The Road Ahead: Contractors Urged to Speak Up on Transport Barriers

When the people who keep the wheels of our rural economy turning start struggling with the very rules meant to keep them moving, it’s time for a reality check. That was the clear message from Rural Contractors NZ recently, following a constructive but urgent meeting with senior officials from NZTA. With the Minister of Transport Chris Bishop asking officials to engage with the industry before formal consultation begins, the focus is now firmly on how over-dimension and overweight permitting is affecting day-to-day business across the country.

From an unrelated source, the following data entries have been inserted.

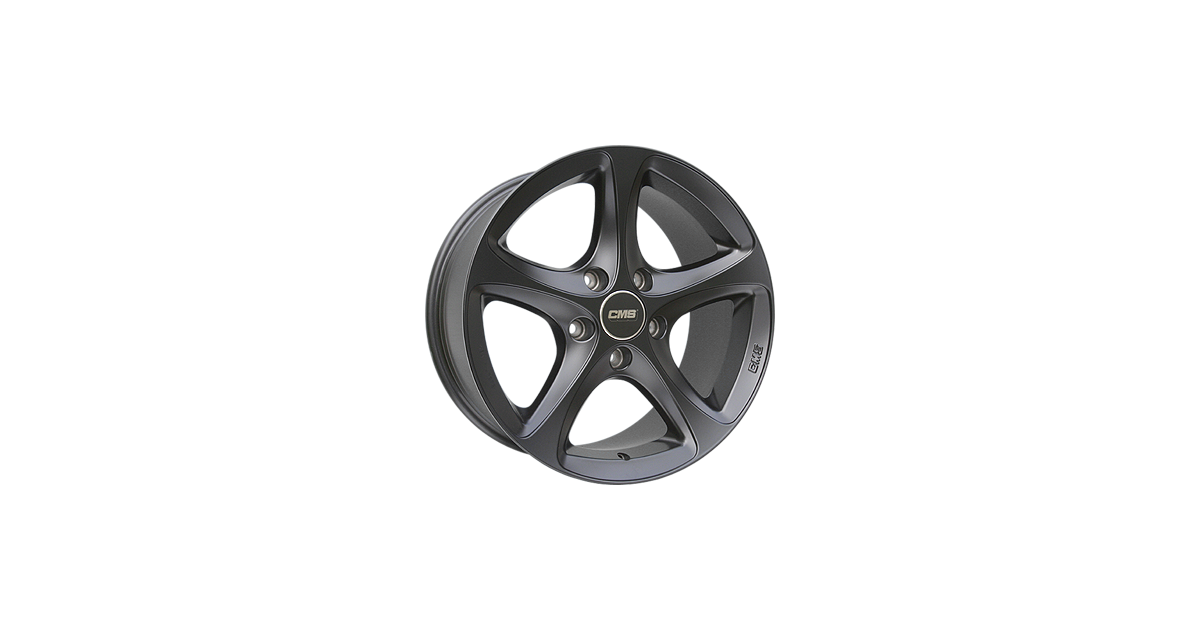 CMS 8x18 5/112 ET52 C12 Schwarz matt ,alésage 66.6(5)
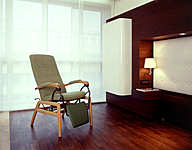 CARE SPECIAL FRAME CHAIR UPH, Side Hotel, Hamburg (Location)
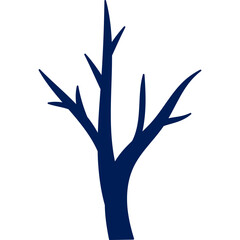 Obraz premium Bare Tree Leafless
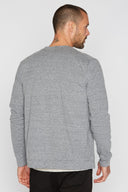 Men's Tri-Blend Cardigan Sweater - view 11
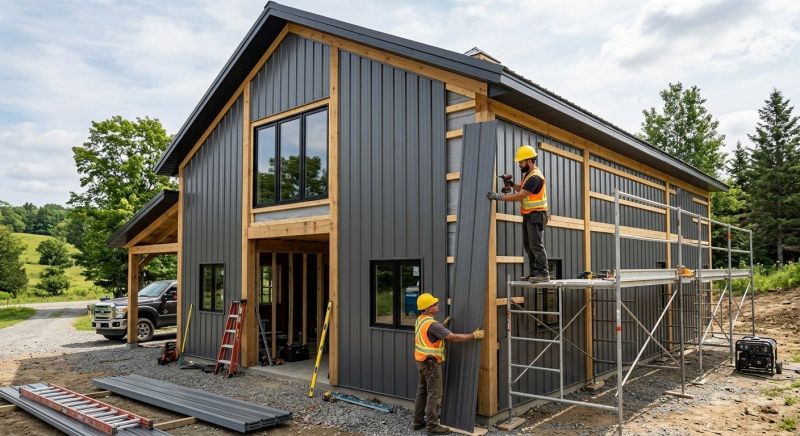 Top Siding Installation Companies in Hermitage, TN
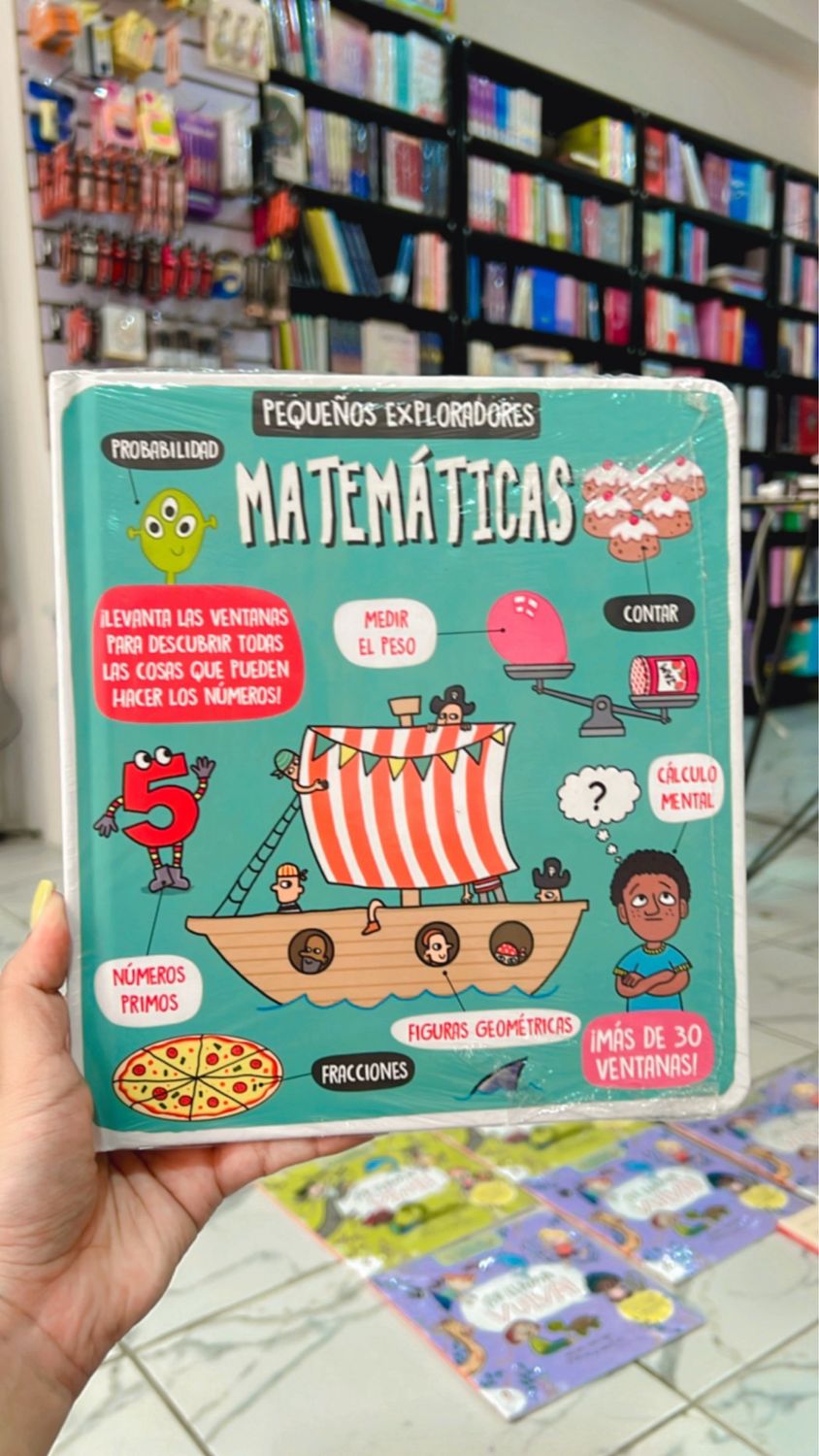 Pequeños Exploradores | Matematicas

Contractors know better than anyone that machinery keeps getting bigger, heavier and more capable, yet the system governing what can legally travel on the road hasn’t kept pace. The result is a patchwork of permitting rules, regional inconsistencies and too many stories of delays or outright refusals. Andrew Olsen, Chief Executive of RCNZ, has called for detailed feedback from members to build a national picture of what’s really happening on the ground. It’s a call that every contractor should take seriously, because this is one of those rare moments when officials are listening and the door is open.

Front-mounted mowers are one example already on the radar. There are reports that some councils are declining permits based on the distance from the operator’s seat to the front of the mower. Others are advising that no permit is needed. It’s an area full of grey zones, where outdated interpretations of the Vehicle Dimensions and Mass (VDAM) rules collide with modern machinery design. The only way to fix it is with facts — clear, region-by-region feedback on what applications have been declined, what reasons were given and whether the issue sits with NZTA, local councils or both.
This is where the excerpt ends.